Not one Republican asked one question of Michael Cohen that was intended to find out whether Donald Trump has done a single thing illegal or even unwise, let alone impeachable. They didn’t even pretend to care.
Instead, the Republican members of the House Oversight Committee seemed anxious to demonstrate their obedience and loyalty to Trump, oft-times seeming like blind partisan loyalty. (There was one exception, Justin Amash, R-Michigan, whose questioning was strangely sweet and nonpartisan. Amash asked Cohen to talk about the principles he has chosen to follow in his life.)
But as for the rest, maybe I shouldn’t have been surprised, but I was. I expected the Republicans to be skeptical of Michael Cohen’s testimony (and, oh, boy were they ever) and I expected them to point out that his current version of events contradicts many lies he told during his past as a loyal Trump henchman. I expected them to be rough on him, and thought they might argue that a ratfink who previously profited off his relationship with Trump deserves that.
But as I watched the whole daylong interrogation of Cohen, I confess I thought some of the Republicans would show some interest — at least fake but maybe even some real interest by the best of them — about whether the current occupant of the Oval is guilty or even mildly implicated in any of the wrongdoing that allegedly helped Trump get elected.
I mean, c’mon. Be loyal to your party within reason. Be skeptical of the various accusations. But at least pretend you care about the teensy possibility that the president’s accusers and disbelievers are not just making up all evidence behind those accusations.
With that said, I should also say that Cohen day at the committee produced relatively little in the way of new blockbusters, although it did produce a fair bit of important leads and some new documentation that will help those trying to understand how low our president is capable of sinking.
My mind went back to Watergate. Yes, there were Republicans in both the House and Senate inquiries of alleged wrongdoing by President Richard Nixon who thought their job was to defend their guy. And there were Democrats who thought their job was to convict.
But there were members of both parties in both houses who recognized a higher loyalty to truth and the law and importance of having a president who was not a crook. Sen. Howard Baker, the leader of the Republicans on the Senate special committee in Watergate days, and Rep.
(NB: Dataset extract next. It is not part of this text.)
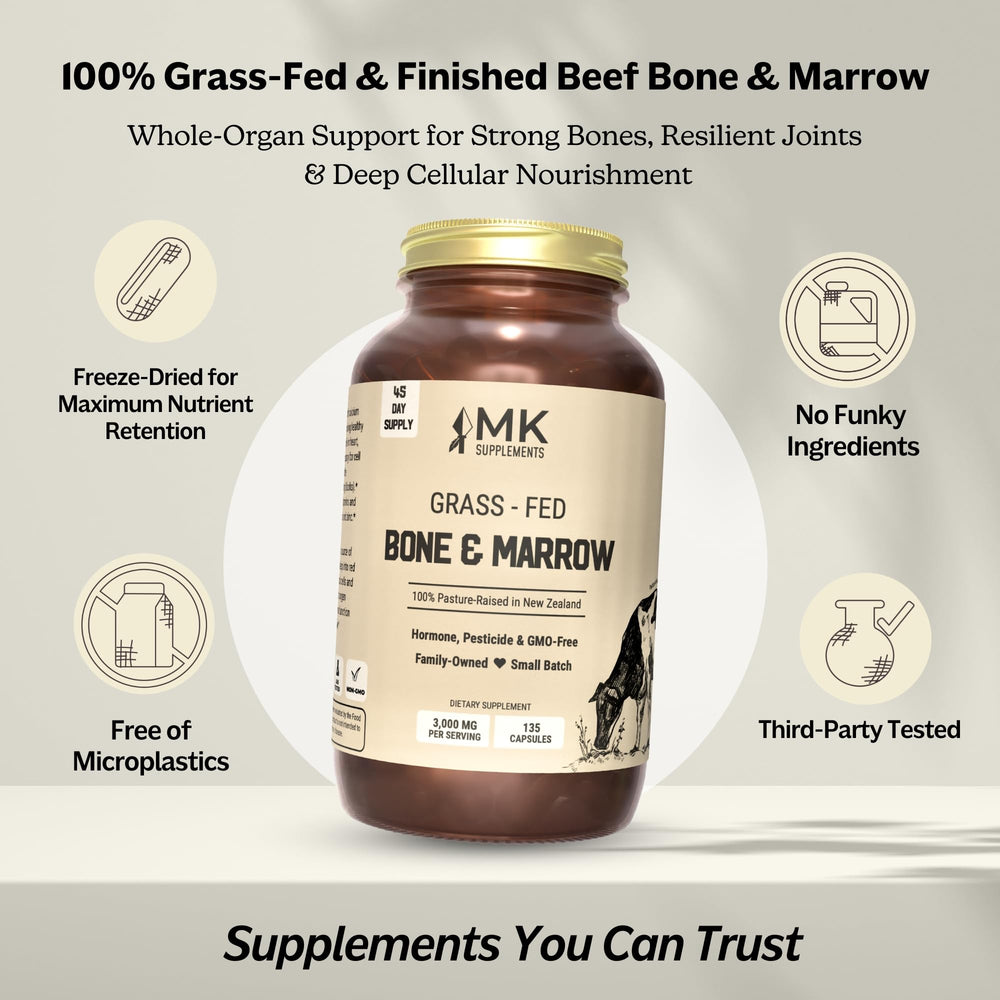 MK Supplements desiccated long bones texture close-up, freeze-dried material visible.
Bill Cohen, R-Maine, who was on the House Judiciary Committee, come to mind.) Baker was famous for demanding of witness after witness a version of his refrain: “What did the president know, and when did he know it?” And he didn’t let his partisan identity prevent him from pursuing that question, which ultimately helped get to the truth.
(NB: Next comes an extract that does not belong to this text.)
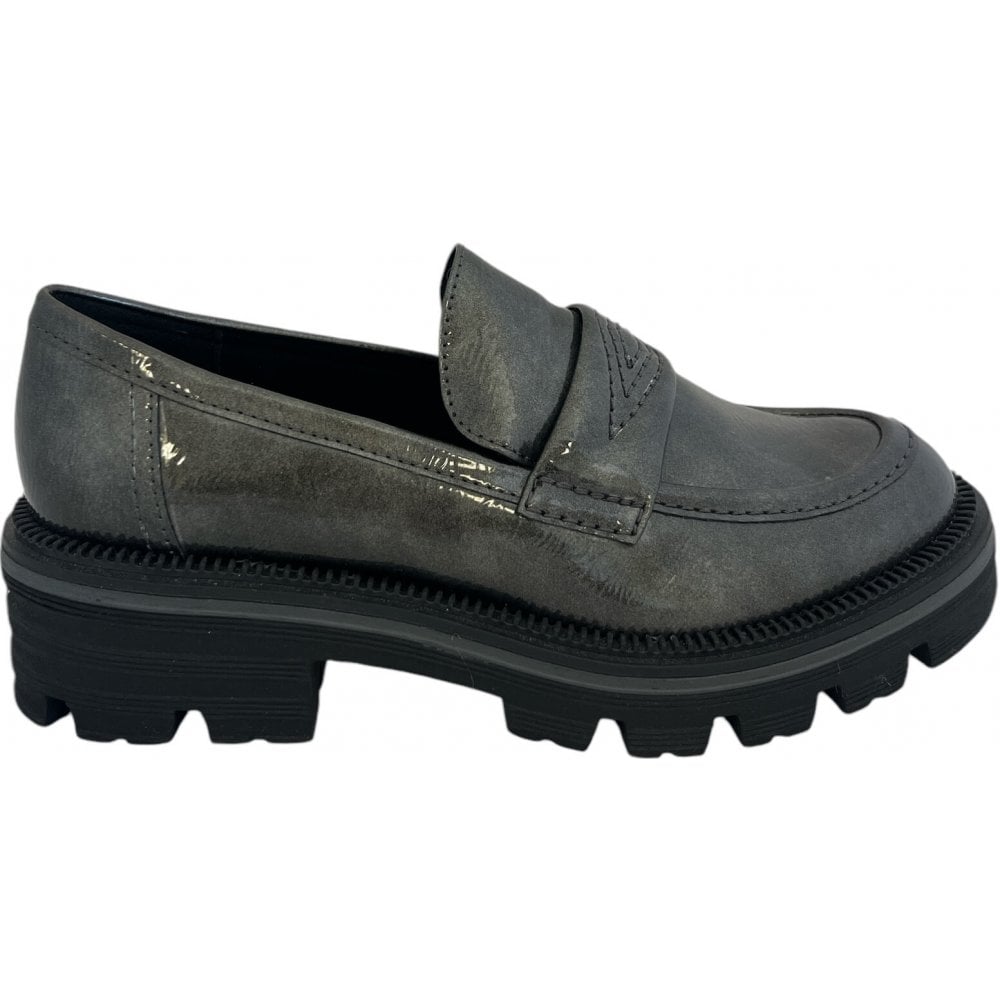 Marco Tozzi Dark Grey Patent Loafers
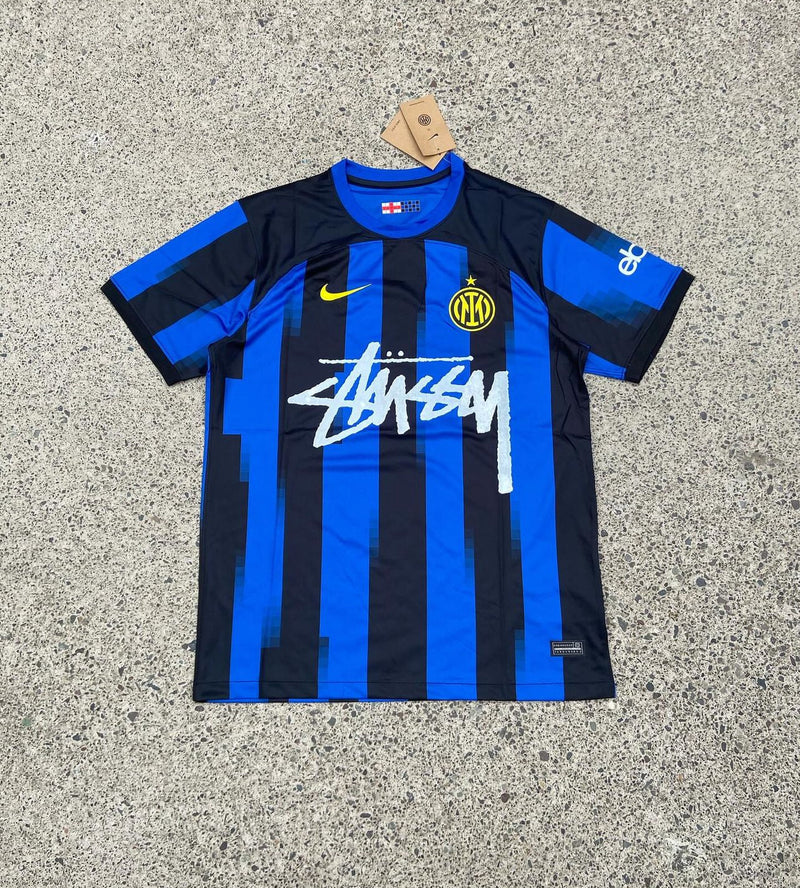 Stussy x Inter Milan Blue Black Limited Edition Football Shirt image 1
There was essentially none of that yesterday. Republican members seemed interested only in discrediting Cohen, who, when the final story comes in, may be an unlikely hero, in the literary anti-hero mode. I don’t claim to know whether he will — nor, certainly, how this ends. I’ve long since discovered that I don’t and perhaps can’t truly understand the depth of Donald Trump’s appeal to and hold on his admirers.
I swore I wouldn’t write too much or get into the details, of which few were blockbusters but some of which may, upon deeper examination, turn out to be case-breakers. I don’t claim to know. Cohen will go to prison, which he deserves, and get some leniency for turning state’s evidence, which he also deserves.
The New York Times noted in its summary of Cohen’s testimony that Trump paid him back for the $130,000 Cohen had paid porn star Stormy Daniels to keep her from going public about their sexual liaison. The reimbursement from Trump to Cohen came in several pieces from different sources, but one part was a check signed by Trump himself, Cohen said, and he produced the check with Trump’s signature on it.
But the Times story said its “experts cautioned that nothing Mr. Cohen said drastically altered what was known about any legal case against the president.”
CNN’s Chris Cillizza claimed to have learned eight things from Cohen, which he enumerates here, but confesses that they contain no silver bullet. He led with Cohen’s assertion that he listened over the speakerphone in Trump’s office as Roger Stone tipped Trump off to the timing of Julian Assange’s big dump of emails that would damage Hillary Clinton’s campaign.
One last thing. This was no more than Cohen’s speculation, and there were no follow-up questions on it. But I don’t think anyone can dispute that Cohen is one of the world’s major experts on Donald Trump, which perhaps qualifies him to speculate on what Trump might be capable of, to hold on to power.
But, in passing, and without being asked a question that elicited it, Cohen said that if, perchance Trump makes it to the end of his term, and loses the 2020 election, he, Cohen, does not think Trump would allow a peaceful transfer of the power of the American presidency to the person who might beat him in that election. Again, this is not a fact, and no one asked Cohen to explain on what he based that statement, but it was a majorly creepy moment that perhaps merits some contingency planning.